Dome Habitats, as the name suggests, mainly consist of a dome-shaped shell, often supported by a net of carbon nanotubes and diamondoid, that can either be made of:

  • Transparent elastic Diamondoid fiber composites, held up by the interior air pressure or by additional support structures.
  • Airwall nano-fog of various strength, made of airborne nanorobotic or bionano units, going from an easily traversable membrane to a sheet with the same resistance as thick wood.
  • Large genetically engineered plants adapted to vacuum and high radiation levels that grow a network of strong, elastic organic fibers within the outer surface to retain air without rupturing due to the pressure difference, that can also generate oxygen (or other gases) for the internal environment.

Depending on where the habitats are constructed, the shells can either be directly attached to the surface or to a natural wall-like structure (this happens especially in deep valleys and canyons, where the landscape is used to the habitat's advantage), or they can be attached to a structural base, that also contains the habitat's power generators and life support systems.

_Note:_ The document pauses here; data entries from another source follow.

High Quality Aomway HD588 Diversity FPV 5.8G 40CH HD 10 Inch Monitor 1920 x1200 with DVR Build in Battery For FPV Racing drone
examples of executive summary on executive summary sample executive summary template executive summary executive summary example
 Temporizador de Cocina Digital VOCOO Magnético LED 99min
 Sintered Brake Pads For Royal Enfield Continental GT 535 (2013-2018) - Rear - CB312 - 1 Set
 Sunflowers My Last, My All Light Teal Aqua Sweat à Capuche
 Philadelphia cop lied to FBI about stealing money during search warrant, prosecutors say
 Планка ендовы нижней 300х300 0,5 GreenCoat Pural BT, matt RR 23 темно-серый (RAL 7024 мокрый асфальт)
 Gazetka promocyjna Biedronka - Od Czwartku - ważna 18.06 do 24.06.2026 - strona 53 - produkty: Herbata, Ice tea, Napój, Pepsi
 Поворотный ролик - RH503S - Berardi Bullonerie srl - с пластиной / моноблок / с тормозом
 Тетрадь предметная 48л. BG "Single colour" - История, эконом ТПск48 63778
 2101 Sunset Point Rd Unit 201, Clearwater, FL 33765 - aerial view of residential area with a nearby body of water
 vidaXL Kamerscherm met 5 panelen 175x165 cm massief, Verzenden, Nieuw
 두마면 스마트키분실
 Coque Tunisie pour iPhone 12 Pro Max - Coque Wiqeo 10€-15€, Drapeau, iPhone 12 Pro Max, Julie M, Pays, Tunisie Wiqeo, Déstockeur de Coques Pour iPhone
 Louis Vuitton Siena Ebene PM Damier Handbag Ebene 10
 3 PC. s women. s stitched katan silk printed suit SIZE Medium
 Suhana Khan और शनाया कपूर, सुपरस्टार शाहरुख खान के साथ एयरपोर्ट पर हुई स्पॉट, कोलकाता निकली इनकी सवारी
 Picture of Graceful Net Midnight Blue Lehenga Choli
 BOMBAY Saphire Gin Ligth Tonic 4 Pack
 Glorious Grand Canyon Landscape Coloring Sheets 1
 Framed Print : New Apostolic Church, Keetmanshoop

The structural bases can also act as a floor over which the internal environment is created, and can host a series of artificial gravity generation technologies (such as Gravity Plates, Action At A Distance Gravity and others) that can create standard surface gravity parameters in the environment. The gravity plates however are optional, as habitats may choose to be zero gravity environments: usually, the residents of such habitats are naturally or artificially adapted to zero-gravity.

While in larger dome habitats the internal atmosphere may offer some level of protection against cosmic and stellar radiation, small and large domes are usually outfitted with magnetic and/or electrostatic shielding to completely block out all harmful stellar and interstellar radiation that may compromise the health of inhabitants not outfitted with radiation resistance augmentations and other kinds of protection, natural or not.

Energy Production

Dome Habitats can sustain their power generation systems in different ways. Many habitats autonomously generate their own power through photovoltaic surface collectors; others may use nuclear or (more commonly throughout the advanced cosmos) fusion and antimatter or conversion reactors, both powered by elements and materials either extracted from the celestial body on which the habitat is located, or acquired from other parties by the habitat during trade. In the case that the dome habitat is constructed on a celestial body orbiting a terrestrial or gaseous planet, materials for power generation are typically given to the habitat from these central bodies. Dome Habitats, especially those located in interplanetary space and directly orbiting a star (although this often still happens even on major moons), may also receive their energy from Dyson Swarms present in the system.